HOW TO COMPLETE THIS TASK :: Output all the records below, word for word.

TASK INPUTS ::

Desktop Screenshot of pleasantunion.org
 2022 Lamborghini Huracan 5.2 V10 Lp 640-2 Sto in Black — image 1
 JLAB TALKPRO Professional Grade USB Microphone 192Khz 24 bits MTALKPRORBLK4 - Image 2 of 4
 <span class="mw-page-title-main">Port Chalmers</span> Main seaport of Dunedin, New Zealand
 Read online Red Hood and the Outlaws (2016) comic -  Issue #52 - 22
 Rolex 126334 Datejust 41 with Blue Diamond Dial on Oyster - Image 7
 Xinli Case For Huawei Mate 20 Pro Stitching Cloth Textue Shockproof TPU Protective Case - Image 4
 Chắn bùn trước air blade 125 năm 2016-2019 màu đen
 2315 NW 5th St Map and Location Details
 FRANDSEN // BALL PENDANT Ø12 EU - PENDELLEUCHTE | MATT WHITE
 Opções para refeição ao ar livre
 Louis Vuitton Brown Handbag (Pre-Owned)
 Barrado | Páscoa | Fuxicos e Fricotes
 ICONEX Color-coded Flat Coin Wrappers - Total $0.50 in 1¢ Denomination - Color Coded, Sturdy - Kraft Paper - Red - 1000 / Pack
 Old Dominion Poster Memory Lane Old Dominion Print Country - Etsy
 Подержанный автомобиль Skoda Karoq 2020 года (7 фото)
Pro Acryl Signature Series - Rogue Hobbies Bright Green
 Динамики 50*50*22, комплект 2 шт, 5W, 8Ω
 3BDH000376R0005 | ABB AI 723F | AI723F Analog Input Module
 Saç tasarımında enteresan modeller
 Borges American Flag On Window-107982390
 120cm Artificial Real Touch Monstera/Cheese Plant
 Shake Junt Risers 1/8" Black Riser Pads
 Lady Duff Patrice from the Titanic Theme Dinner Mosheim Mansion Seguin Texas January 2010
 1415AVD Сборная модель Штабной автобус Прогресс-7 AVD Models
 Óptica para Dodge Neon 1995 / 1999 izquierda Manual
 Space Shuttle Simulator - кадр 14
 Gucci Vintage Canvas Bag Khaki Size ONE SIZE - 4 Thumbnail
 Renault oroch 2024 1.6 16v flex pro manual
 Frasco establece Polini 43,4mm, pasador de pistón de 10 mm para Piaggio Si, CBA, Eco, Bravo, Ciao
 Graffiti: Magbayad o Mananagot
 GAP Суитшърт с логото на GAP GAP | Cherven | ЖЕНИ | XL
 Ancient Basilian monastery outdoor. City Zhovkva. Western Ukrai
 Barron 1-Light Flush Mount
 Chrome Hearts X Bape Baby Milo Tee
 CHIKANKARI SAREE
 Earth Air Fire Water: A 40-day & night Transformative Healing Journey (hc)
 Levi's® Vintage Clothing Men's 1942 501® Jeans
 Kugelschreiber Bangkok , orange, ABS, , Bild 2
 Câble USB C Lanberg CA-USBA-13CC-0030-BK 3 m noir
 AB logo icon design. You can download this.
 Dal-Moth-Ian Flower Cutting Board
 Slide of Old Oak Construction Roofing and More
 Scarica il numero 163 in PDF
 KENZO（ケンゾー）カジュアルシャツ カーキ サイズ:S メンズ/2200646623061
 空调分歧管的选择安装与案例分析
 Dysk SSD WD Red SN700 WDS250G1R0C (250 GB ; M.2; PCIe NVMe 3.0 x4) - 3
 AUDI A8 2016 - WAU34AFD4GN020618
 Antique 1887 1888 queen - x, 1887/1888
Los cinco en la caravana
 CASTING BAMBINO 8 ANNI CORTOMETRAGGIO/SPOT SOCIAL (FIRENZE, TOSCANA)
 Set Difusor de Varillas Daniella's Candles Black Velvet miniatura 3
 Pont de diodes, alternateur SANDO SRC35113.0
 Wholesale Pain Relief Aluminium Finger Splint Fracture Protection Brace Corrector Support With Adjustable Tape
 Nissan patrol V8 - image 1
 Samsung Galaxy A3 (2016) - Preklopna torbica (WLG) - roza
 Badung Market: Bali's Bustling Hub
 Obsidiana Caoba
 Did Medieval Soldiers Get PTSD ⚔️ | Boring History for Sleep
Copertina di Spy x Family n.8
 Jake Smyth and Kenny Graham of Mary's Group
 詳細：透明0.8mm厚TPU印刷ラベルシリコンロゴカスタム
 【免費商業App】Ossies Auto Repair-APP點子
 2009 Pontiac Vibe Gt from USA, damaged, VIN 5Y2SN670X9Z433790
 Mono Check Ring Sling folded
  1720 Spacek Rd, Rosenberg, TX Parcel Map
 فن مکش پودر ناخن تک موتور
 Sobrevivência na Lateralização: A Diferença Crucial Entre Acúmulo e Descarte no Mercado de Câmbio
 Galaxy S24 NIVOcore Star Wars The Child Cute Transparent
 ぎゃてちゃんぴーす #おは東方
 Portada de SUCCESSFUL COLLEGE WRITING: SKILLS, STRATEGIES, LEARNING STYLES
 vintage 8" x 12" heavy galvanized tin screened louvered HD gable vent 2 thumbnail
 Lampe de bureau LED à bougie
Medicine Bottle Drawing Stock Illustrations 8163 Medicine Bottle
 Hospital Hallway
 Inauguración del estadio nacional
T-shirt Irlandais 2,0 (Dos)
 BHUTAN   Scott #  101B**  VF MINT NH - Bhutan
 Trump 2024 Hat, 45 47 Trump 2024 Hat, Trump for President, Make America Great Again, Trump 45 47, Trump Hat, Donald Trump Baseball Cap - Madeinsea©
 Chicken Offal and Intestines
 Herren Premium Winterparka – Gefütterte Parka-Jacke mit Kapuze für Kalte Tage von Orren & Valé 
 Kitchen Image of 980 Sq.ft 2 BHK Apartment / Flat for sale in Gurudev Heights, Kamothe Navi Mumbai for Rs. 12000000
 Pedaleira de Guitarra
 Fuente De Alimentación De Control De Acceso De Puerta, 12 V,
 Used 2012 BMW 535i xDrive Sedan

REPLY ::
Desktop Screenshot of pleasantunion.org
 2022 Lamborghini Huracan 5.2 V10 Lp 640-2 Sto in Black — image 1
 JLAB TALKPRO Professional Grade USB Microphone 192Khz 24 bits MTALKPRORBLK4 - Image 2 of 4
 <span class="mw-page-title-main">Port Chalmers</span> Main seaport of Dunedin, New Zealand
 Read online Red Hood and the Outlaws (2016) comic -  Issue #52 - 22
 Rolex 126334 Datejust 41 with Blue Diamond Dial on Oyster - Image 7
 Xinli Case For Huawei Mate 20 Pro Stitching Cloth Textue Shockproof TPU Protective Case - Image 4
 Chắn bùn trước air blade 125 năm 2016-2019 màu đen
 2315 NW 5th St Map and Location Details
 FRANDSEN // BALL PENDANT Ø12 EU - PENDELLEUCHTE | MATT WHITE
 Opções para refeição ao ar livre
 Louis Vuitton Brown Handbag (Pre-Owned)
 Barrado | Páscoa | Fuxicos e Fricotes
 ICONEX Color-coded Flat Coin Wrappers - Total $0.50 in 1¢ Denomination - Color Coded, Sturdy - Kraft Paper - Red - 1000 / Pack
 Old Dominion Poster Memory Lane Old Dominion Print Country - Etsy
 Подержанный автомобиль Skoda Karoq 2020 года (7 фото)
Pro Acryl Signature Series - Rogue Hobbies Bright Green
 Динамики 50*50*22, комплект 2 шт, 5W, 8Ω
 3BDH000376R0005 | ABB AI 723F | AI723F Analog Input Module
 Saç tasarımında enteresan modeller
 Borges American Flag On Window-107982390
 120cm Artificial Real Touch Monstera/Cheese Plant
 Shake Junt Risers 1/8" Black Riser Pads
 Lady Duff Patrice from the Titanic Theme Dinner Mosheim Mansion Seguin Texas January 2010
 1415AVD Сборная модель Штабной автобус Прогресс-7 AVD Models
 Óptica para Dodge Neon 1995 / 1999 izquierda Manual
 Space Shuttle Simulator - кадр 14
 Gucci Vintage Canvas Bag Khaki Size ONE SIZE - 4 Thumbnail
 Renault oroch 2024 1.6 16v flex pro manual
 Frasco establece Polini 43,4mm, pasador de pistón de 10 mm para Piaggio Si, CBA, Eco, Bravo, Ciao
 Graffiti: Magbayad o Mananagot
 GAP Суитшърт с логото на GAP GAP | Cherven | ЖЕНИ | XL
 Ancient Basilian monastery outdoor. City Zhovkva. Western Ukrai
 Barron 1-Light Flush Mount
 Chrome Hearts X Bape Baby Milo Tee
 CHIKANKARI SAREE
 Earth Air Fire Water: A 40-day & night Transformative Healing Journey (hc)
 Levi's® Vintage Clothing Men's 1942 501® Jeans
 Kugelschreiber Bangkok , orange, ABS, , Bild 2
 Câble USB C Lanberg CA-USBA-13CC-0030-BK 3 m noir
 AB logo icon design. You can download this.
 Dal-Moth-Ian Flower Cutting Board
 Slide of Old Oak Construction Roofing and More
 Scarica il numero 163 in PDF
 KENZO（ケンゾー）カジュアルシャツ カーキ サイズ:S メンズ/2200646623061
 空调分歧管的选择安装与案例分析
 Dysk SSD WD Red SN700 WDS250G1R0C (250 GB ; M.2; PCIe NVMe 3.0 x4) - 3
 AUDI A8 2016 - WAU34AFD4GN020618
 Antique 1887 1888 queen - x, 1887/1888
Los cinco en la caravana
 CASTING BAMBINO 8 ANNI CORTOMETRAGGIO/SPOT SOCIAL (FIRENZE, TOSCANA)
 Set Difusor de Varillas Daniella's Candles Black Velvet miniatura 3
 Pont de diodes, alternateur SANDO SRC35113.0
 Wholesale Pain Relief Aluminium Finger Splint Fracture Protection Brace Corrector Support With Adjustable Tape
 Nissan patrol V8 - image 1
 Samsung Galaxy A3 (2016) - Preklopna torbica (WLG) - roza
 Badung Market: Bali's Bustling Hub
 Obsidiana Caoba
 Did Medieval Soldiers Get PTSD ⚔️ | Boring History for Sleep
Copertina di Spy x Family n.8
 Jake Smyth and Kenny Graham of Mary's Group
 詳細：透明0.8mm厚TPU印刷ラベルシリコンロゴカスタム
 【免費商業App】Ossies Auto Repair-APP點子
 2009 Pontiac Vibe Gt from USA, damaged, VIN 5Y2SN670X9Z433790
 Mono Check Ring Sling folded
  1720 Spacek Rd, Rosenberg, TX Parcel Map
 فن مکش پودر ناخن تک موتور
 Sobrevivência na Lateralização: A Diferença Crucial Entre Acúmulo e Descarte no Mercado de Câmbio
 Galaxy S24 NIVOcore Star Wars The Child Cute Transparent
 ぎゃてちゃんぴーす #おは東方
 Portada de SUCCESSFUL COLLEGE WRITING: SKILLS, STRATEGIES, LEARNING STYLES
 vintage 8" x 12" heavy galvanized tin screened louvered HD gable vent 2 thumbnail
 Lampe de bureau LED à bougie
Medicine Bottle Drawing Stock Illustrations 8163 Medicine Bottle
 Hospital Hallway
 Inauguración del estadio nacional
T-shirt Irlandais 2,0 (Dos)
 BHUTAN   Scott #  101B**  VF MINT NH - Bhutan
 Trump 2024 Hat, 45 47 Trump 2024 Hat, Trump for President, Make America Great Again, Trump 45 47, Trump Hat, Donald Trump Baseball Cap - Madeinsea©
 Chicken Offal and Intestines
 Herren Premium Winterparka – Gefütterte Parka-Jacke mit Kapuze für Kalte Tage von Orren & Valé 
 Kitchen Image of 980 Sq.ft 2 BHK Apartment / Flat for sale in Gurudev Heights, Kamothe Navi Mumbai for Rs. 12000000
 Pedaleira de Guitarra
 Fuente De Alimentación De Control De Acceso De Puerta, 12 V,
 Used 2012 BMW 535i xDrive Sedan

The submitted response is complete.